▸ Activity
Taking the line with "Military : USMC" as the first and the line with "Used 2020 Toyota" as the last, set down exactly every line in that range from the entries below, and no more.

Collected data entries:
______
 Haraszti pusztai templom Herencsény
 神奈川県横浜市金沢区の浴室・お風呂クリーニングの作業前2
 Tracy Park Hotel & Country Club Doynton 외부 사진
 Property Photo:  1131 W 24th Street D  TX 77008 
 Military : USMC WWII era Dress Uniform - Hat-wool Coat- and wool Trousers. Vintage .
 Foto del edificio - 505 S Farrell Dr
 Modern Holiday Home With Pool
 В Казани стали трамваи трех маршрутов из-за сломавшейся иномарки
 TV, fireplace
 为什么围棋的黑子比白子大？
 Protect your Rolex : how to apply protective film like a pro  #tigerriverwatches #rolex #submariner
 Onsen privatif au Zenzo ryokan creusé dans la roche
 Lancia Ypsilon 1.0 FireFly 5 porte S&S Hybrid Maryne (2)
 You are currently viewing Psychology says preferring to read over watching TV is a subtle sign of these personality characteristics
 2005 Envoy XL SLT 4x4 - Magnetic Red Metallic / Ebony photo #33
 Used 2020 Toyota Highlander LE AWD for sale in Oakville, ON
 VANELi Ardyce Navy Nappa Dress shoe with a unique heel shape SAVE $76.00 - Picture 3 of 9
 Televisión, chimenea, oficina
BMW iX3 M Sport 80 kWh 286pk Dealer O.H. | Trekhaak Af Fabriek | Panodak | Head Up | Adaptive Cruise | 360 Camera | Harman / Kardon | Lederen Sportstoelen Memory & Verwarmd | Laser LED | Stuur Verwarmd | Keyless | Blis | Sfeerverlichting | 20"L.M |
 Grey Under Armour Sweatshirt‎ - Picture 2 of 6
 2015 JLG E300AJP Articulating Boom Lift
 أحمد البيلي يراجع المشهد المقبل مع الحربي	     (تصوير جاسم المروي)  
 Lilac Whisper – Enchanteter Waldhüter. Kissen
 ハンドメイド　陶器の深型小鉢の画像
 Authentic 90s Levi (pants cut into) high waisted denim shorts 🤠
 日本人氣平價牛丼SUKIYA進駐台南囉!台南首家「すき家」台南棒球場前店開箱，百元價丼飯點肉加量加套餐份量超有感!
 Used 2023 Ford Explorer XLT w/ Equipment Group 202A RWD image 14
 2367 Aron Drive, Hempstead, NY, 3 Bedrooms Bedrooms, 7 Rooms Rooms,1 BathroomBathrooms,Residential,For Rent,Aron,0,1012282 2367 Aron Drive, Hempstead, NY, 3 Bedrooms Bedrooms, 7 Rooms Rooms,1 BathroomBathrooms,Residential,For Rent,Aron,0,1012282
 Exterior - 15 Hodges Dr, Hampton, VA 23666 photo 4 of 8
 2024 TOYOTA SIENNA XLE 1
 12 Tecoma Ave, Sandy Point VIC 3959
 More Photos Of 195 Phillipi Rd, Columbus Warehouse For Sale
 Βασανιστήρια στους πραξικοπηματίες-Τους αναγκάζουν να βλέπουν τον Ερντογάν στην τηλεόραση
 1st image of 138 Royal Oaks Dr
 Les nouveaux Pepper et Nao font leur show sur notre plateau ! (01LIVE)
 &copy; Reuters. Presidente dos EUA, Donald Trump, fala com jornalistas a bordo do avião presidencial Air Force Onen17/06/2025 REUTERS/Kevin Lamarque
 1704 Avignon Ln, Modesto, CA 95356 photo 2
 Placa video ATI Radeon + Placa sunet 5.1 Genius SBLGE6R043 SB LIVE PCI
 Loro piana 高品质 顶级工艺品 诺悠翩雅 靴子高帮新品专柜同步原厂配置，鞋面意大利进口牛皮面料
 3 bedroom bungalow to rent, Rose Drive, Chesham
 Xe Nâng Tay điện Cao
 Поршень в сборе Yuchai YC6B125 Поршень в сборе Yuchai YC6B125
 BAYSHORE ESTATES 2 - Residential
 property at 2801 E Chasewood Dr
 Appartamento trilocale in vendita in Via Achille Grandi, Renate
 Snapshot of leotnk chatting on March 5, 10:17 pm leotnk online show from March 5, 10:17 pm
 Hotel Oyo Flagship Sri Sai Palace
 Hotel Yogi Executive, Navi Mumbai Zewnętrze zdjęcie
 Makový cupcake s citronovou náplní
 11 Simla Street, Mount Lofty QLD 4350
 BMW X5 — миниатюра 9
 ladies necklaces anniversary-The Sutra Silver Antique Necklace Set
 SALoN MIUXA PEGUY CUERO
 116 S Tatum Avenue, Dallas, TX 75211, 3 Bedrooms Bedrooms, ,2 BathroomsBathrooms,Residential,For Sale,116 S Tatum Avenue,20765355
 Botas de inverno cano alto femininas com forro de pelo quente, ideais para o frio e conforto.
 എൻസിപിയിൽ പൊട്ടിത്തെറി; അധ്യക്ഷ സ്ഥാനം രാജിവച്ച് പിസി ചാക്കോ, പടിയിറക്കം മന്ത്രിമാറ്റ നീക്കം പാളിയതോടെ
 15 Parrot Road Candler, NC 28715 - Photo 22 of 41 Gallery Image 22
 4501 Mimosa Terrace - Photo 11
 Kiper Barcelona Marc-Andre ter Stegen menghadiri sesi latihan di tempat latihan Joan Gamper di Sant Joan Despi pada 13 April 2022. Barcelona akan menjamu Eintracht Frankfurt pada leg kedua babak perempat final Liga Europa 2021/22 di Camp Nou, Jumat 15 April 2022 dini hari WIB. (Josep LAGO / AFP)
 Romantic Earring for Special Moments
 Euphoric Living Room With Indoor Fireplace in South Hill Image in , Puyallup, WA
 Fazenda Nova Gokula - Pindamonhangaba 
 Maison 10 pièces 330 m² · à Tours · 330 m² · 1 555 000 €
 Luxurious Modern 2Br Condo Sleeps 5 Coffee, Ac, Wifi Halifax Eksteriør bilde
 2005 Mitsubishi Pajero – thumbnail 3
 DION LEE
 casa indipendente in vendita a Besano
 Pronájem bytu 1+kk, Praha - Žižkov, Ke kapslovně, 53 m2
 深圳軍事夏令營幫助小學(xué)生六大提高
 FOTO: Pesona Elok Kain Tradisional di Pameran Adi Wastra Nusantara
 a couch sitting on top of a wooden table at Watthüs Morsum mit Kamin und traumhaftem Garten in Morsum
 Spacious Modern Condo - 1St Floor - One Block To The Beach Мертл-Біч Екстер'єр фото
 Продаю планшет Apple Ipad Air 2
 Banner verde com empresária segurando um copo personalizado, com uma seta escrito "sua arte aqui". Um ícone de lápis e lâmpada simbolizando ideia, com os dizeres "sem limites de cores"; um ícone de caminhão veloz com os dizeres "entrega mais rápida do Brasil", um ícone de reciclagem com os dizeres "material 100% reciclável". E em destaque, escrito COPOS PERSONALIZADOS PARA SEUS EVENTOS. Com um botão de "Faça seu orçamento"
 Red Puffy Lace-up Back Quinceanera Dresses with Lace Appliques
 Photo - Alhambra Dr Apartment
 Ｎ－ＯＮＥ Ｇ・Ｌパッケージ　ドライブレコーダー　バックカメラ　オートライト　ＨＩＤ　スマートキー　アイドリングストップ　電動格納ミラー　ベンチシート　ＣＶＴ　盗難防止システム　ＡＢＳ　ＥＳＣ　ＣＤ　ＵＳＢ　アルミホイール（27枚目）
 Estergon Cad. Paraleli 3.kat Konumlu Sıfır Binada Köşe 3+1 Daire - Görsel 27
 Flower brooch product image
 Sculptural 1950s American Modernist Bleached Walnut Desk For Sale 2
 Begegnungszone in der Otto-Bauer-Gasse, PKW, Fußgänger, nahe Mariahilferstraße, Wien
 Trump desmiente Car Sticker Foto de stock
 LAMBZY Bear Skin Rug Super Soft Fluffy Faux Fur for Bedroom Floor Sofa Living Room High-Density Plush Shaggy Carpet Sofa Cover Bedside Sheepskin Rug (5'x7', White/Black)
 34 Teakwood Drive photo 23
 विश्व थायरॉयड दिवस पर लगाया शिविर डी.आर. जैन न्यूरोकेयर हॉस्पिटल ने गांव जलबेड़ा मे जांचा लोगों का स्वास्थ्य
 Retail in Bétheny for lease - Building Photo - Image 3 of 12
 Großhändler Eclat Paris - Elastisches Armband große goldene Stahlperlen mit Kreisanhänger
______
▸ Task result
 Military : USMC WWII era Dress Uniform - Hat-wool Coat- and wool Trousers. Vintage .
 Foto del edificio - 505 S Farrell Dr
 Modern Holiday Home With Pool
 В Казани стали трамваи трех маршрутов из-за сломавшейся иномарки
 TV, fireplace
 为什么围棋的黑子比白子大？
 Protect your Rolex : how to apply protective film like a pro  #tigerriverwatches #rolex #submariner
 Onsen privatif au Zenzo ryokan creusé dans la roche
 Lancia Ypsilon 1.0 FireFly 5 porte S&S Hybrid Maryne (2)
 You are currently viewing Psychology says preferring to read over watching TV is a subtle sign of these personality characteristics
 2005 Envoy XL SLT 4x4 - Magnetic Red Metallic / Ebony photo #33
 Used 2020 Toyota Highlander LE AWD for sale in Oakville, ON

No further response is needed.